Record set
____

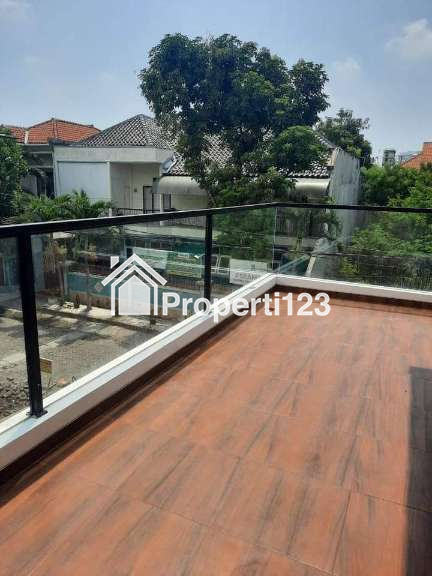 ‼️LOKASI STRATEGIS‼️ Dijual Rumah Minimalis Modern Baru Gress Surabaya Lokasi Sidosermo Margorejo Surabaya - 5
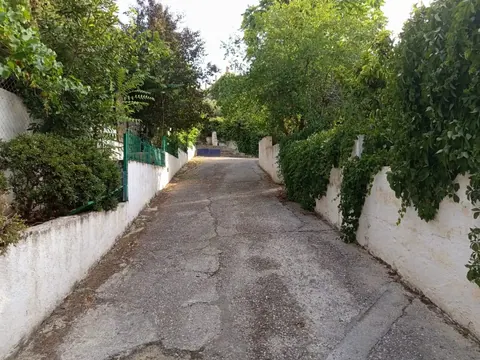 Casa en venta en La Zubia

____

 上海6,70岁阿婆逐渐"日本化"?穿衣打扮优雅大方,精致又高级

____

Exercise directions
Reproduce, word for word, everything in the listing above from the line containing "Surabaya - 5" down to the line containing "Casa en venta en La Zubia", both of them included. No pictures.

Answer
 ‼️LOKASI STRATEGIS‼️ Dijual Rumah Minimalis Modern Baru Gress Surabaya Lokasi Sidosermo Margorejo Surabaya - 5
 Casa en venta en La Zubia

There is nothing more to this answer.